# Can't find suitable stand - Where to mount center channel?



## Guest (Jul 5, 2008)

Hello again,

First of all, I want this stand, and I can't find anything comparable anywhere!










The attached picture shows my room. The TV and audio in the picture is old. I have a new Samsung 61" DLP with Receiver, DVD player, XBOX, Cable box, and center channel. I like the above stand because the center channel can go directly under the TV with all my other AV equipment. 
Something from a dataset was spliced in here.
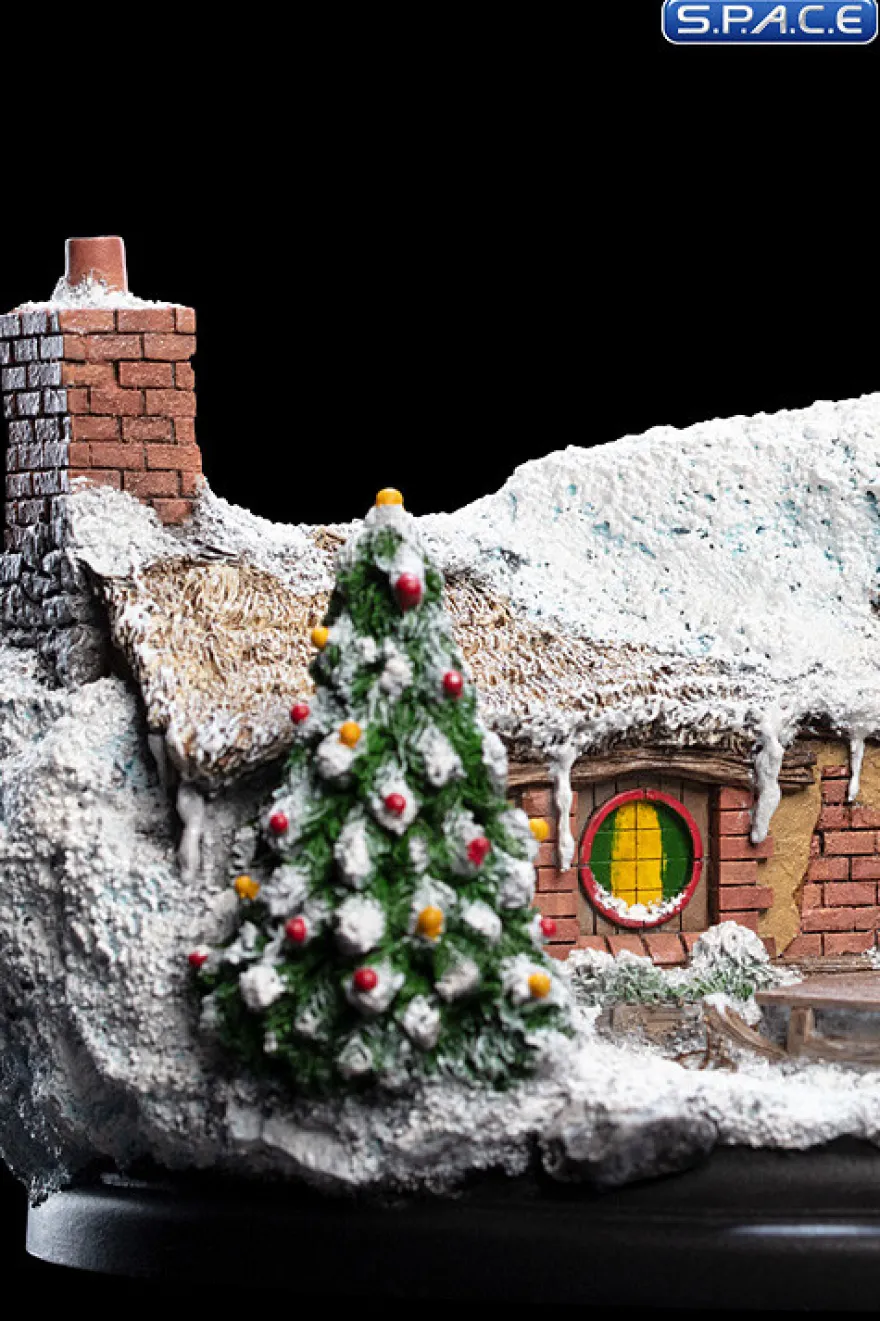 35 Bagshot Row Hobbit Hole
So if I have to settle for a TV stand that doesn't have the ideal center channel spot, what do I do about mounting the speaker?

Thanks!


----------



## thxgoon (Feb 23, 2007)

Best you can do is try to mount it either above or below the tv picture in the middle of your left and right speakers... How you do that will depend on what you end up with but you could always build a small shelf above your dlp and place it there.


----------



## bpape (Sep 14, 2006)

That stand (VERY VERY similar) is available from Salamander Designs. I have one almost identical in my living room I'm looking at right now. You can get the top interior section with or without the bracing to allow different sized centers. I have a 50" Sharp Aquos sitting on it with no problem. You just have to slide it all the way to the back to allow the rear surrports to carry the weight.

Bryan


----------



## salvasol (Oct 31, 2006)

I agree that you can use a shelf or build something to place it above your TV :yes:

Here is a picture of mine ... I used some shelf brackets and a piece of wood :bigsmile:



By the way, my samsung is a 67" DLP


----------



## salvasol (Oct 31, 2006)

Did you find your speaker stand??? ... What did you get???


----------